Sunday, June 7, 2015

Tasty: The Art and Science of What We Eat, by John McQuaid. Scribner, 2015

“Tasty” claims itself to be a “brief biography of flavor” and indeed it is. McQuaid shows how taste was possibly the first sense to develop in life- 500 million years ago, sea anemones, who are restricted to eating whatever the water brings them, needed a way to tell food particles from non-food particles. Whoever evolved a method of doing this first had a distinct advantage over critters that didn’t have that ability. The sense of taste is not just confined to our tongues we have taste receptors in other parts of our bodies- including in our intestines. That wasn’t an image I wanted to dwell on.
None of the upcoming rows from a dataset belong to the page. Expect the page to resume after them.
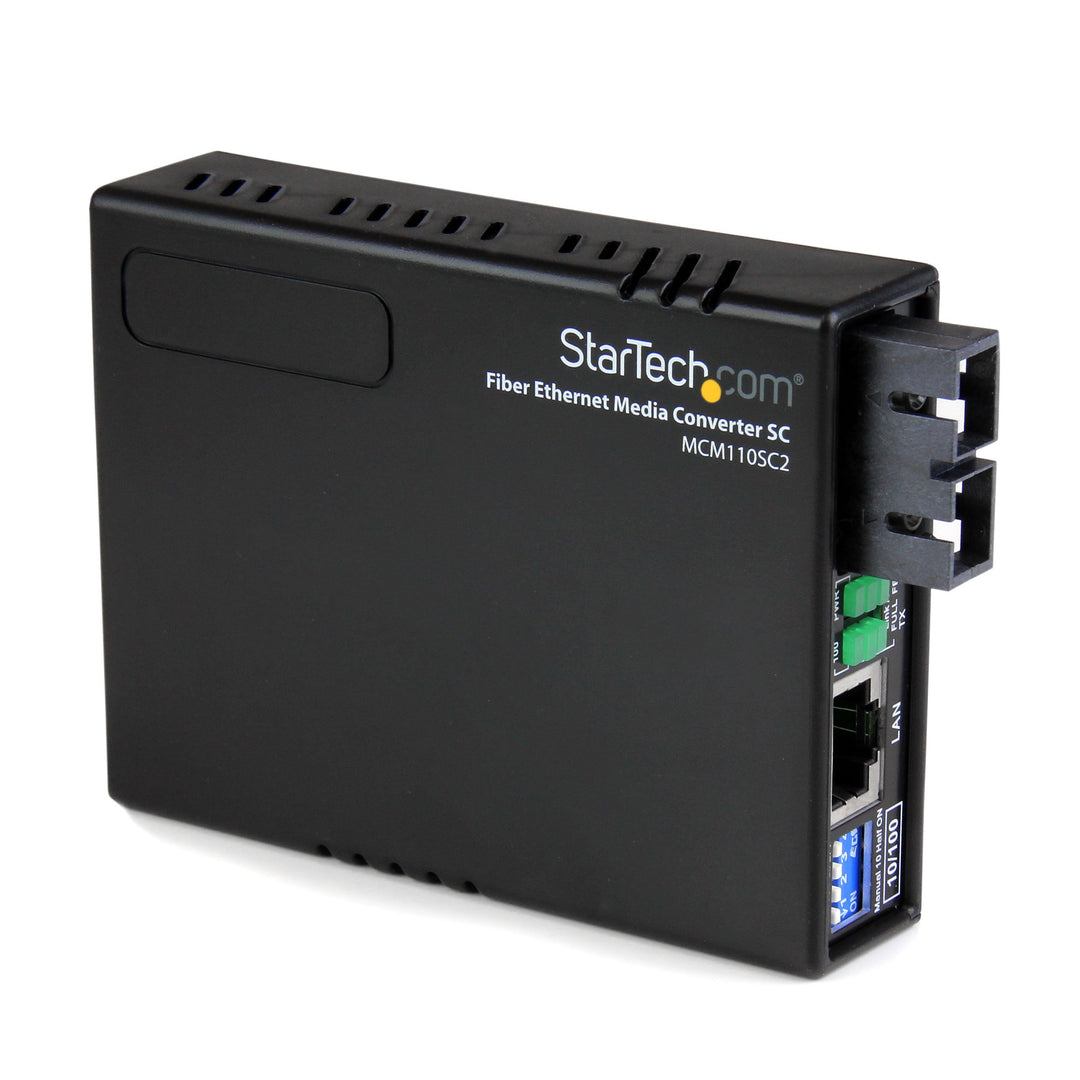 Multimode (MM) SC Fiber Media Converter for 10/100Mbps Network - Ethernet to SC MM Fiber Media Converter - 2 km / 1.2 m, TAA (MCM110SC2)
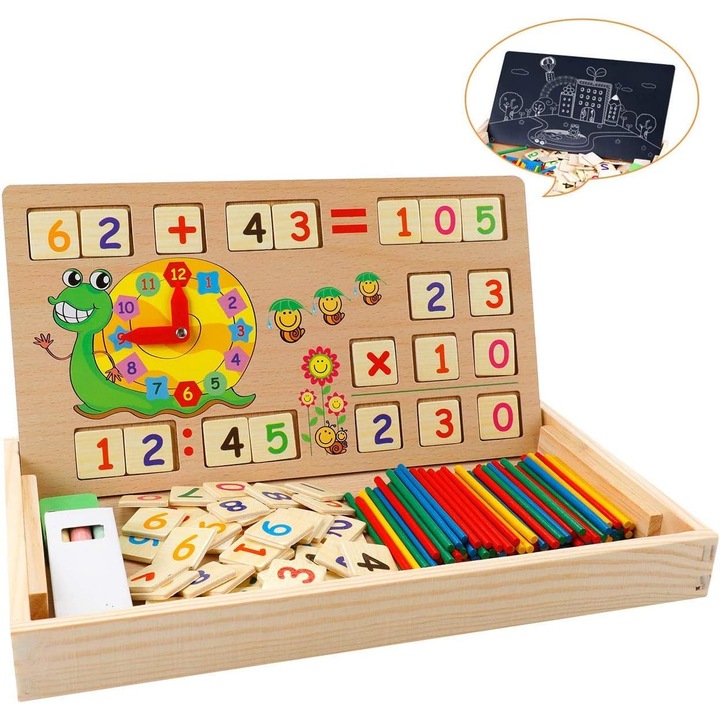 Jucarie educativa matematica din lemn ZYBLSSBB LSM2XH14867-LN-0680, set cu 59 placute numerice, 11 semne matematice, 100 betisoare colorate, tabla dubla (ceas + tabla neagra), creta si burete, multicolor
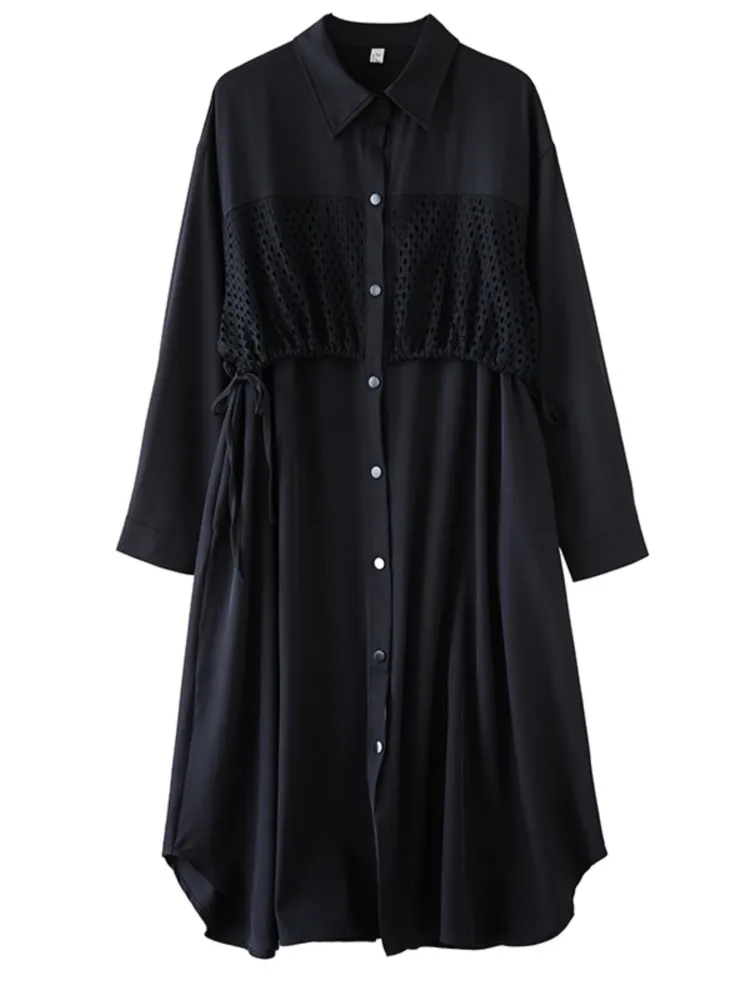 Robe chemise surdimensionnée pour femmes, ajourée, Patchwork, mode dames, ample, à volants, plissée, automne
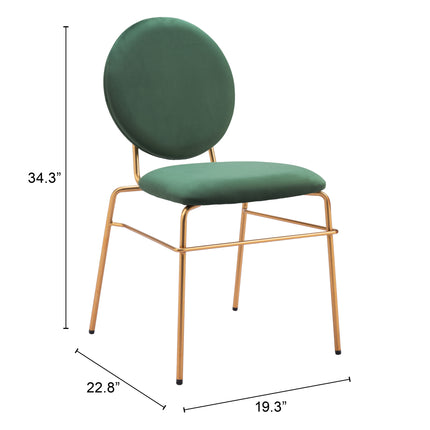 Odessa Dining Chair (Set of 2) Green & Gold Chairs TriadCommerceInc   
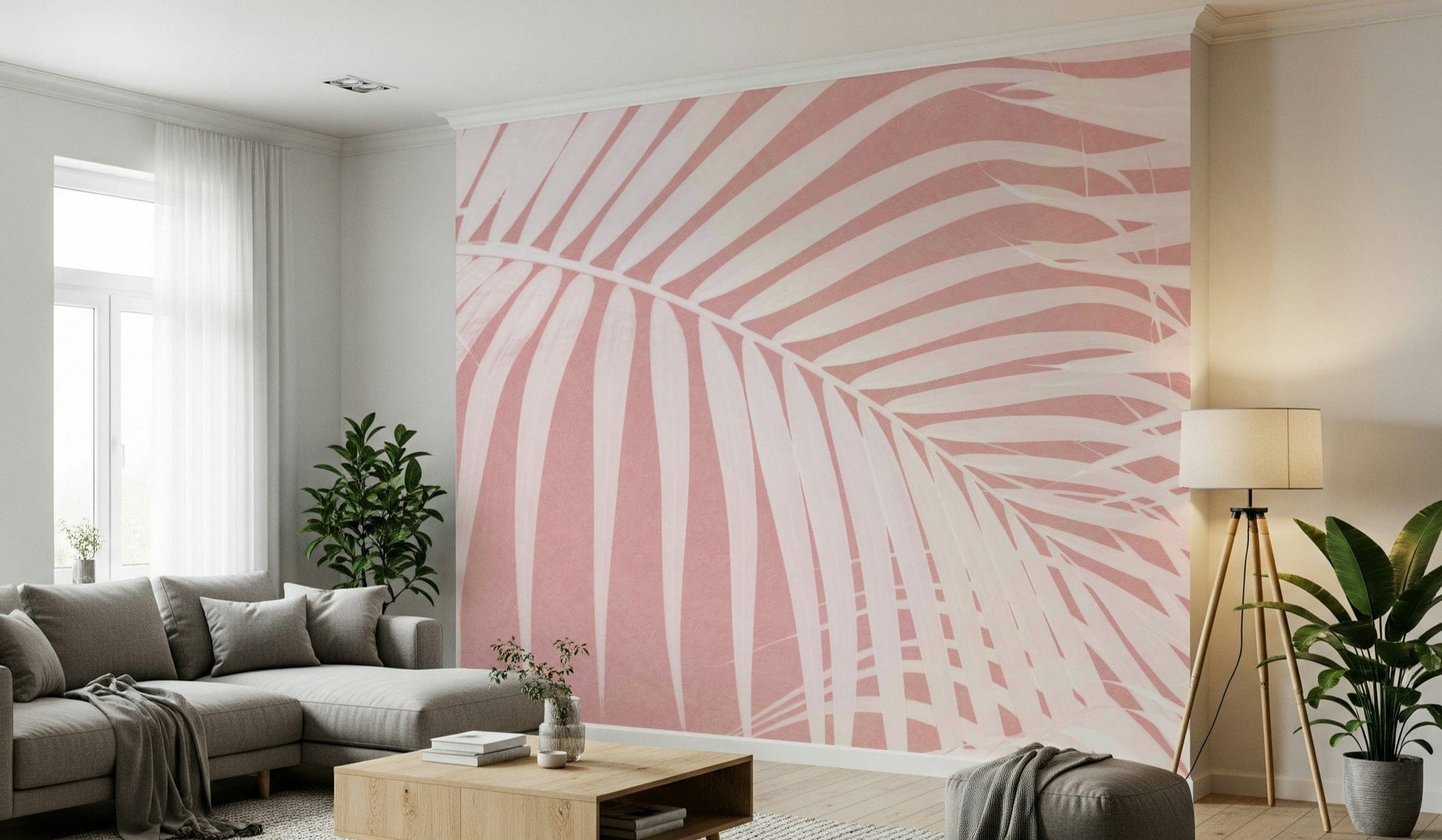 A beautiful tropical foliage wall mural for a living room.

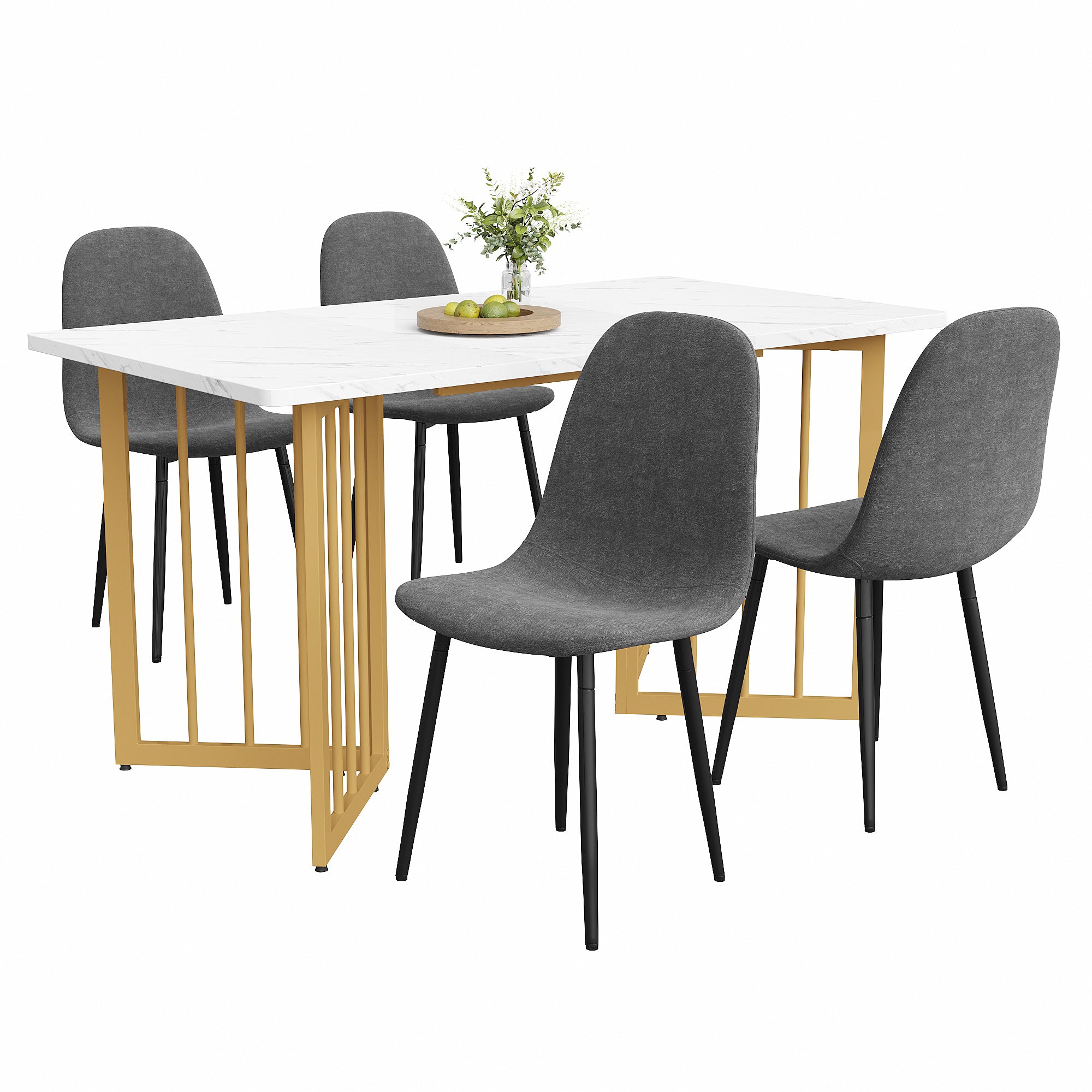 Dining Set (5-Piece), Table with 4 Modern Chairs, Metal Legs, Grey Linen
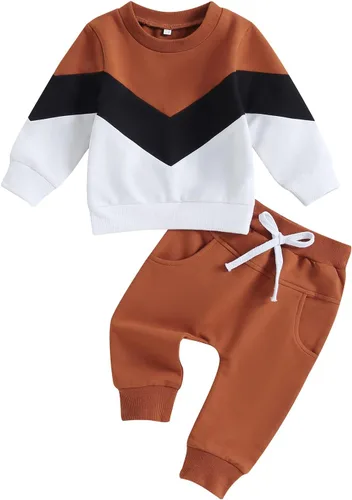 Vista 9 de Thorn Tree Conjunto de sudadera de manga larga para niños pequeños, 2 piezas, para otoño e invierno Conjunto de manga azul y blanco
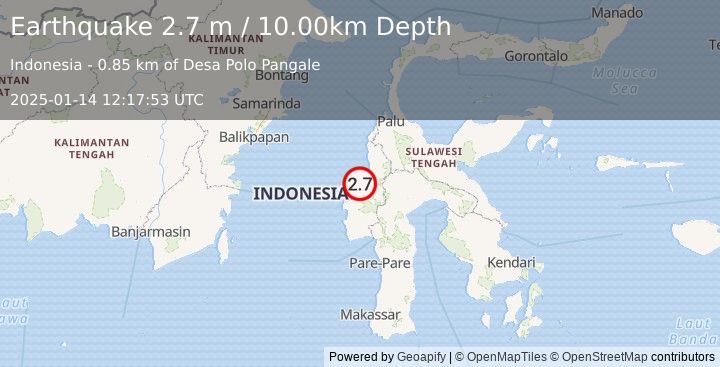 Earthquake SULAWESI, INDONESIA (2.7 m) (2025-01-14 12:17:53 UTC)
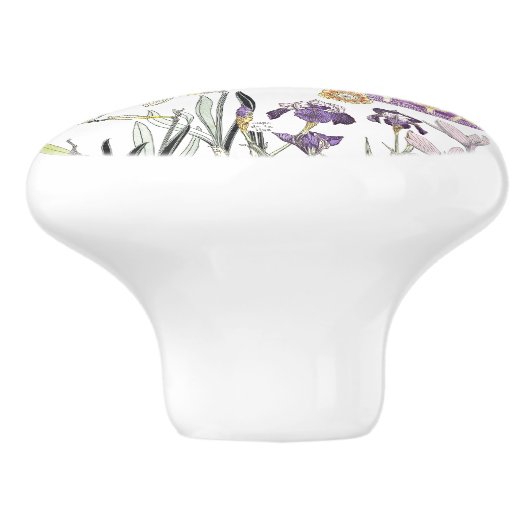 フランス人のアールヌーボーのヴィンテージの花の陶磁器のノブ セラミックノブ (側面)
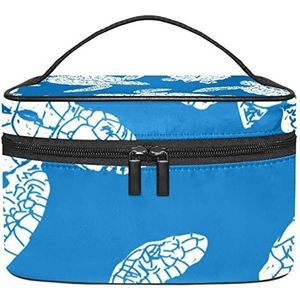 Madeliefje bloemen patroon roze achtergrond make-up tas voor vrouwen meisjes cosmetische tassen met handvat reizen make-up organizer tas, Witte Zee Schildpad Patroon Blauw, 8.9x5.9x5.4 Inches, Make-up zakje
Speaking of tongues, that diagram they show everyone in science class, with the tongue divided into bitter, sweet, salty, and sour? It’s bogus, and they knew it was almost as soon as it was made up, but somehow it just won’t die. Also, there is a fifth flavor- umami- which is meaty and yummy and the epitome of it is monosodium glutamate. Fat *may* be a sixth flavor.

Different people have different taste sensitivities. Some people are very sensitive to bitter-the author posits that they might have been able to detect poisonous foods back when humans were first learning what was safe to eat. Other people enjoy a touch of bitter, and revel in broccoli, coffee, and dark chocolate. Some have a much higher tolerance for capsaicin than others. Everyone is born liking sugar, but other food preferences are learned, like being able to tolerate that revolting (to most of us) rotten shark that is eaten in Iceland. Flavors can be perceived differently depending on things like the color of the plate the food is eaten off of. When a recipe is put together, different flavors build together to create a sensation of deliciousness that is greater than the sum of the parts.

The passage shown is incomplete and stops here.